How To Retire In 10 Years (Starting With $0)
What's up, Graham? It's guys here. So, this is a really interesting topic: how to retire in 10 years starting with zero dollars. This is something where, at the core, the concept is incredibly simple. In fact, it's so basic that I could probably summarize everything that you need to know about achieving financial independence in the next 15 minutes. Don't believe me? Well, just watch the video to see for yourself.
But as easy as that could be, you also have to ask yourself: if it's so simple, then why isn't everyone doing it? And why is it nearly impossible for 99.99% of the population? Well, that, unfortunately, is what we're going to be discussing because the reality is most people have no idea where to start, and they don't have the resources available to them to stick with it long enough to actually make it work.
So, let's break through the notion that retirement is something that's only available in your 60s and 70s, go over the exact blueprint that's given me complete financial independence in my 20s, and how you could replicate a similar strategy even if you're starting over today with zero dollars.

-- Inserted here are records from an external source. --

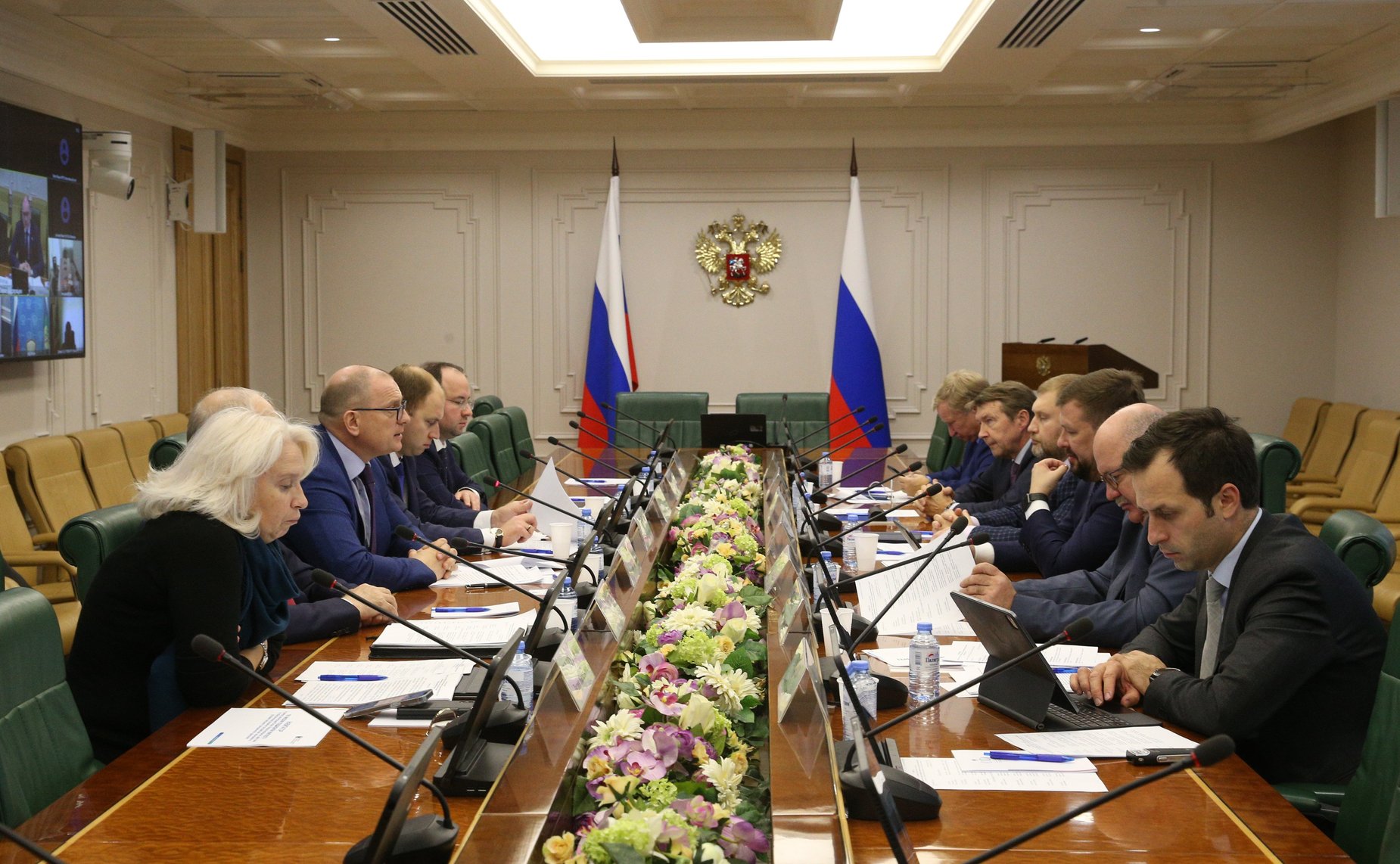 Круглый стол Комитета СФ по экономической политике совместно с Комитетом СФ по международным делам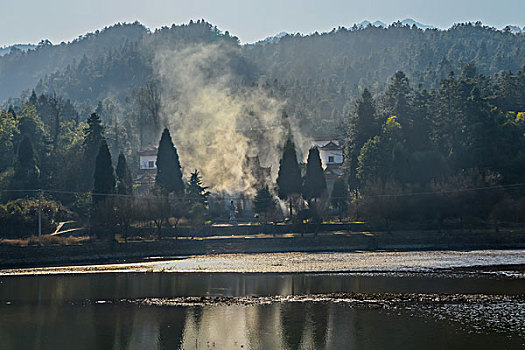 树,蓝,背景,池塘,倒影,烟,枯枝,寺庙,太阳,阳光,水,岸,淤泥,泥潭,村庄,山岗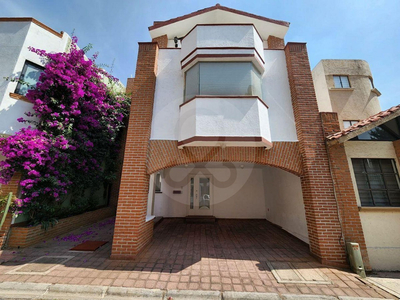 Casa En Venta En Miguel Hidalgo 3a Sección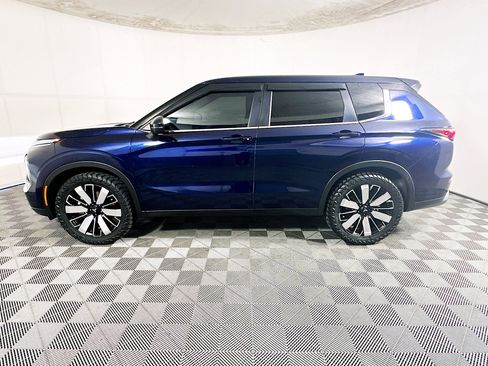 Used 2025 Mitsubishi Outlander SE AWD/4WD image 6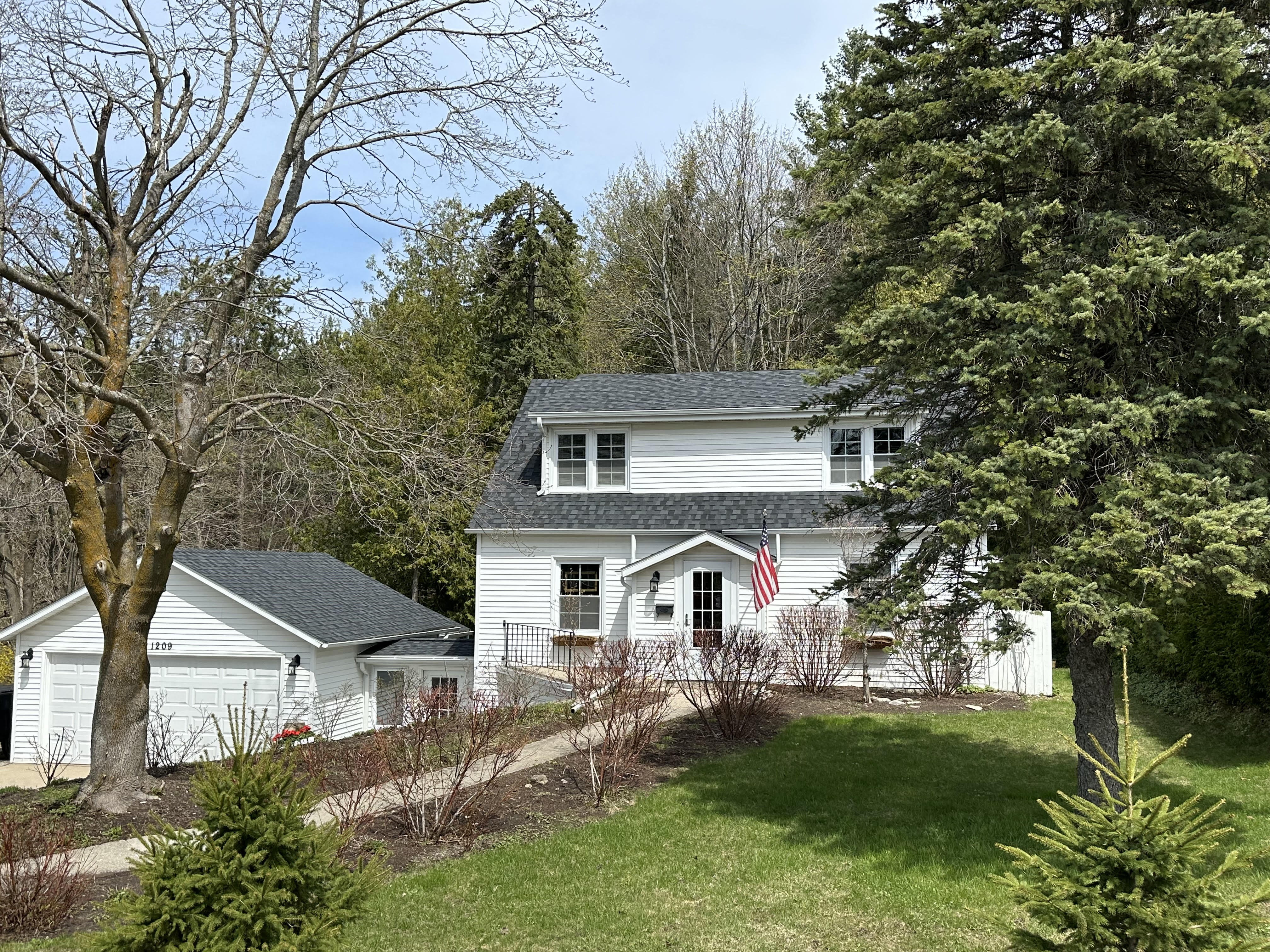 1209 E Mitchell Street Petoskey MI 49770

Step number one is to smash the like button for the YouTube algorithm. Okay, it's not going to help you retire, but if you appreciate the information, it does help out the channel tremendously, so thank you guys so much. Now, with that said, let's begin.
All right, number one: when it comes to increasing your net worth and being able to retire, contrary to popular belief, it makes no difference how much money you make. Of course, you might be thinking, "But Graham, you're an idiot! Of course money matters because if I made 10 million dollars right now, I'd be able to retire!"
But what most people don't realize is that when it comes to financial independence, it only matters how much of that income you get to save. At the end of the day, I can't tell you how many people I've seen making $250,000 a year living paycheck to paycheck with nothing to show for it because they spent it all on an expensive beachfront rental, a leased Ferrari, and a twenty-thousand-dollar vacation so that they could show off on Instagram.
On the other hand, I've also seen people making $80,000 a year who are able to save half of their income after taxes to the point where, over time, they're worth more than the other person making $750,000 a year. If you want to know the secret about how I was able to get to the point of being able to retire in my 20s, it was because I lived like I was broke.
No matter how much money I would make in a year, I spent the exact same amount consistently. I don't care if I made nothing in a month or a hundred thousand dollars in a month; my spending didn't change. I wear five-dollar shirts from H&M, I buy used cars that don't depreciate in value, and I bought a duplex so that I could live in one side and rent out the other to cover my cost.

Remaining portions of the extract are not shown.